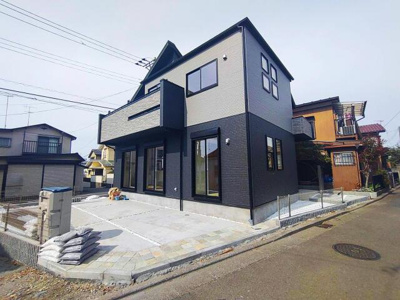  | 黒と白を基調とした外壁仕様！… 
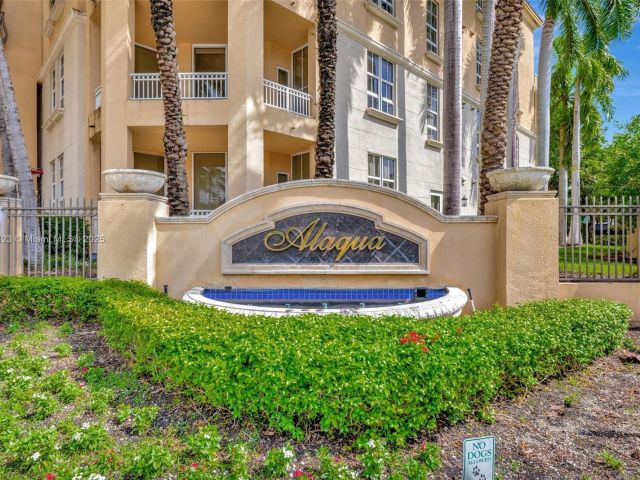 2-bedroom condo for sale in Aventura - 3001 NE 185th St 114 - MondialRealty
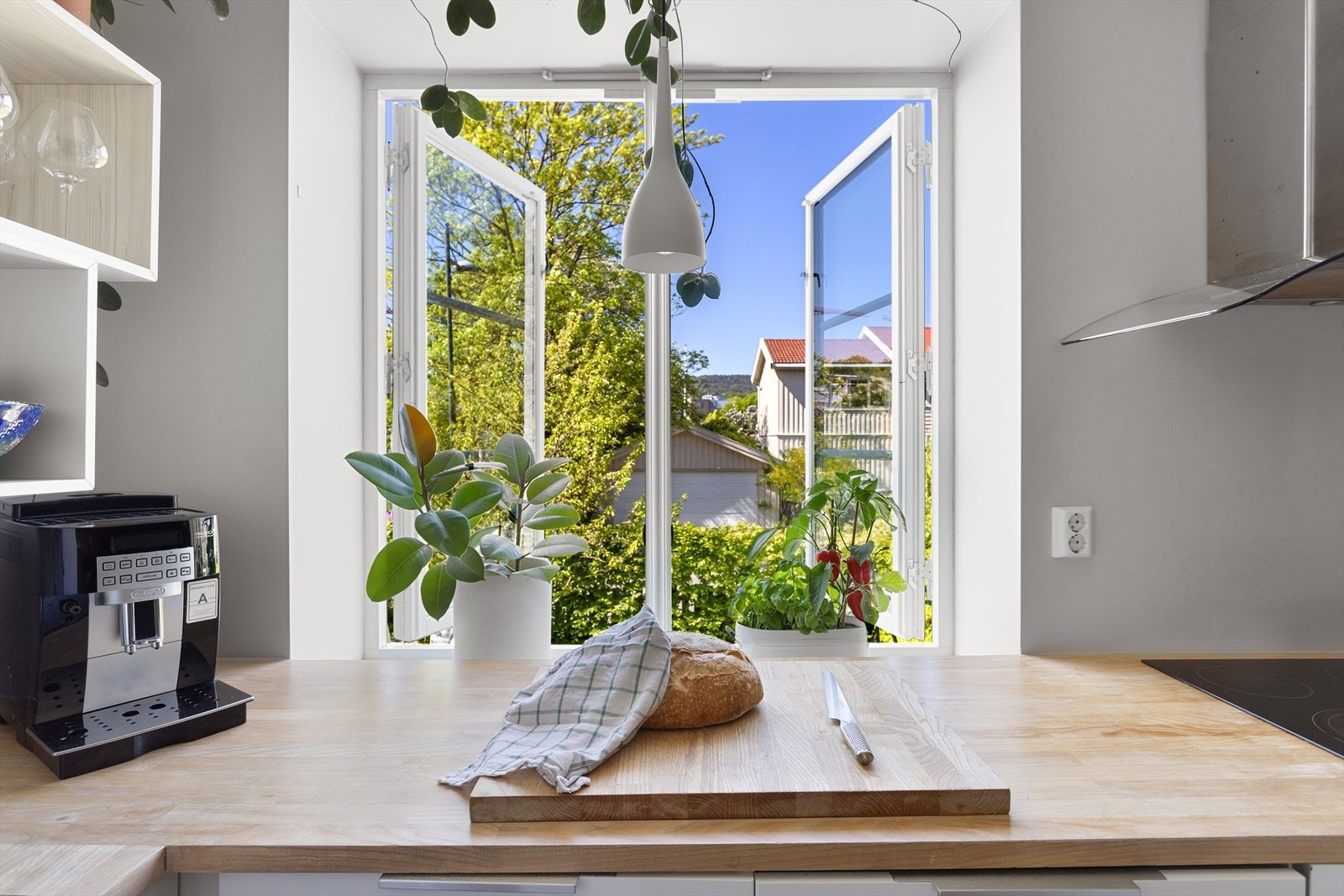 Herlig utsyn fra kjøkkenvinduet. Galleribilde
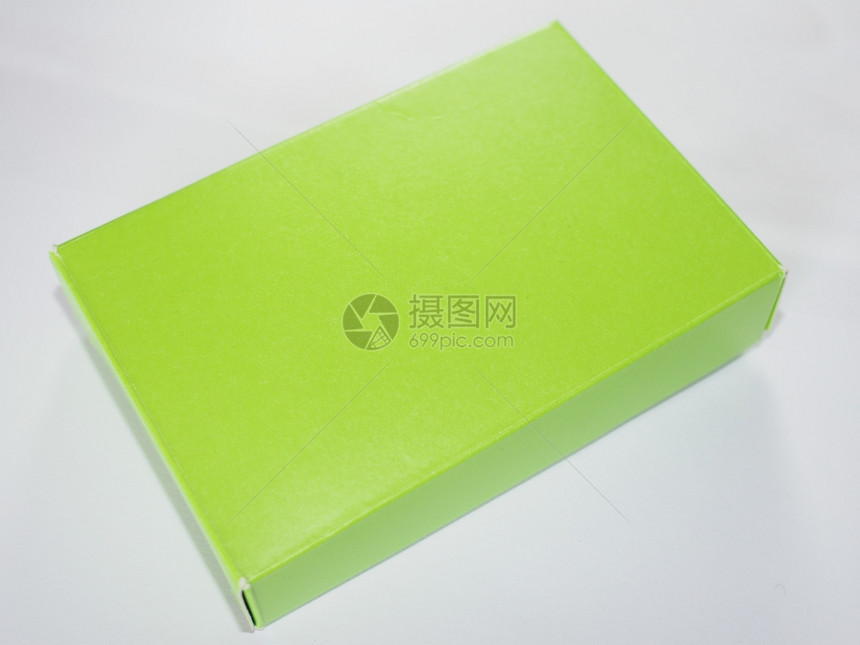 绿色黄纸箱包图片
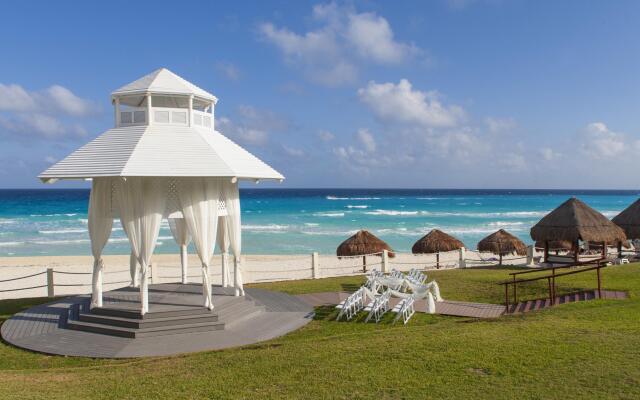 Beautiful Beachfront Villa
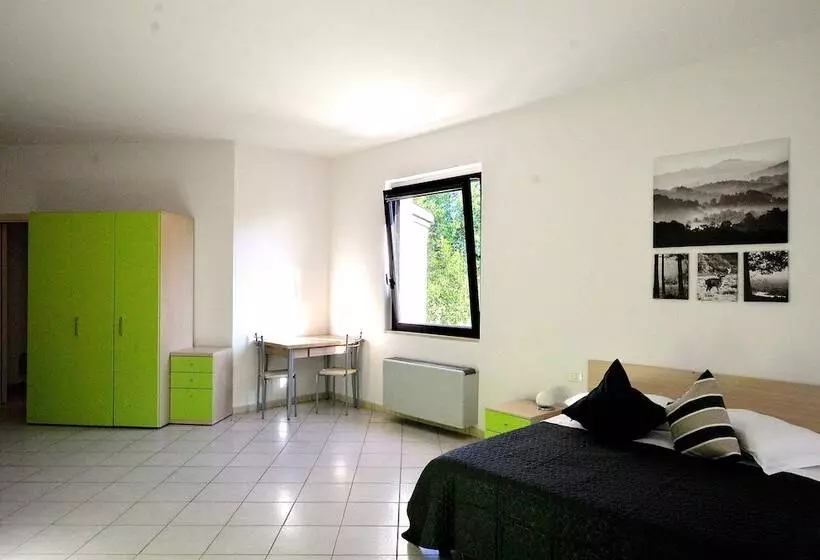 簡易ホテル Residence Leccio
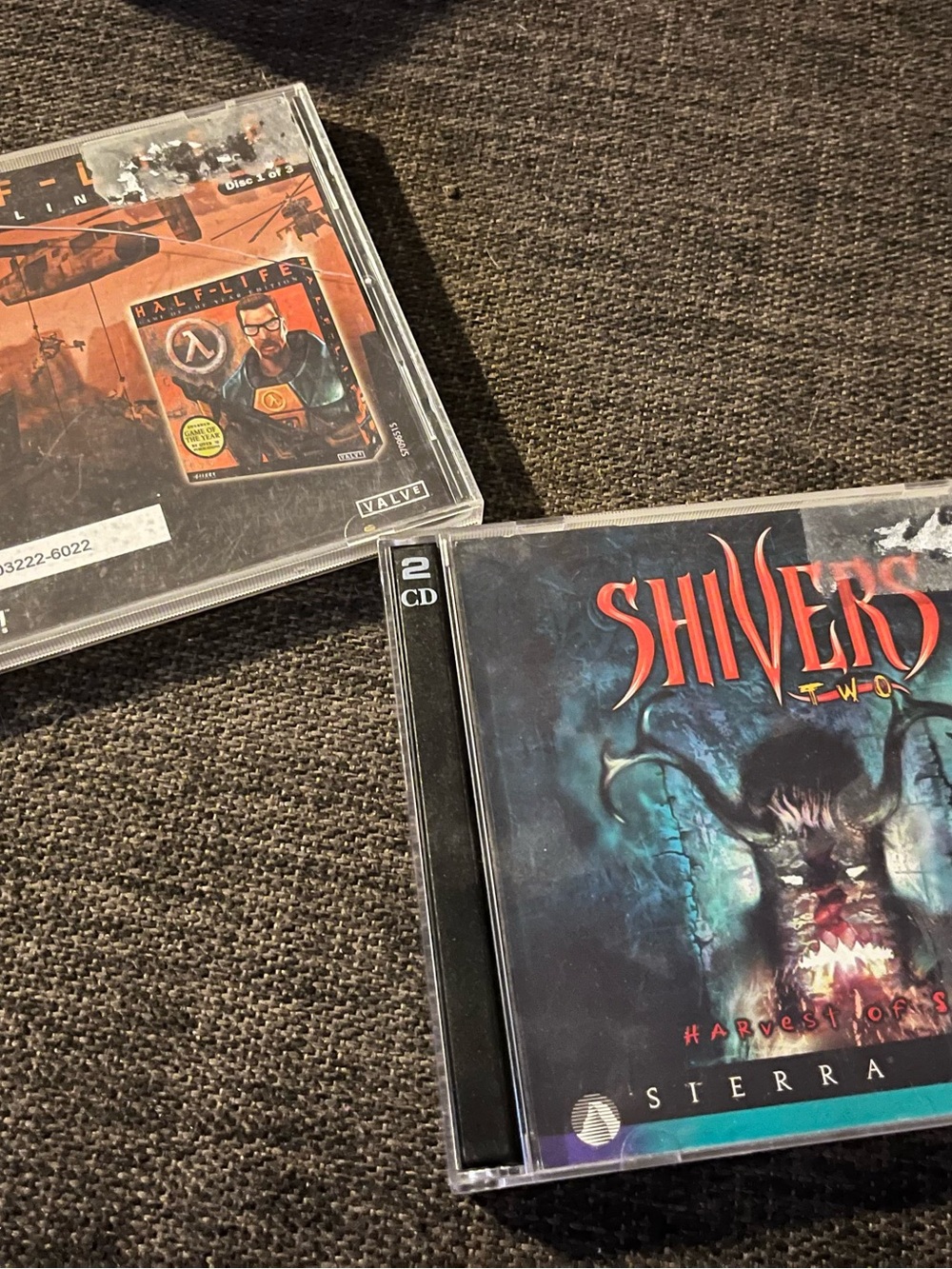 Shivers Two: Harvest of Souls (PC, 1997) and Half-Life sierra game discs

++++++++++++++++++++

▸ **What is expected**
Starting with the line that contains "Herlig utsyn fra", print every remaining line of the records above, exactly as it stands. Do not print the pictures.

▸ **Result**
 Herlig utsyn fra kjøkkenvinduet. Galleribilde
 绿色黄纸箱包图片
 Beautiful Beachfront Villa
 簡易ホテル Residence Leccio
 Shivers Two: Harvest of Souls (PC, 1997) and Half-Life sierra game discs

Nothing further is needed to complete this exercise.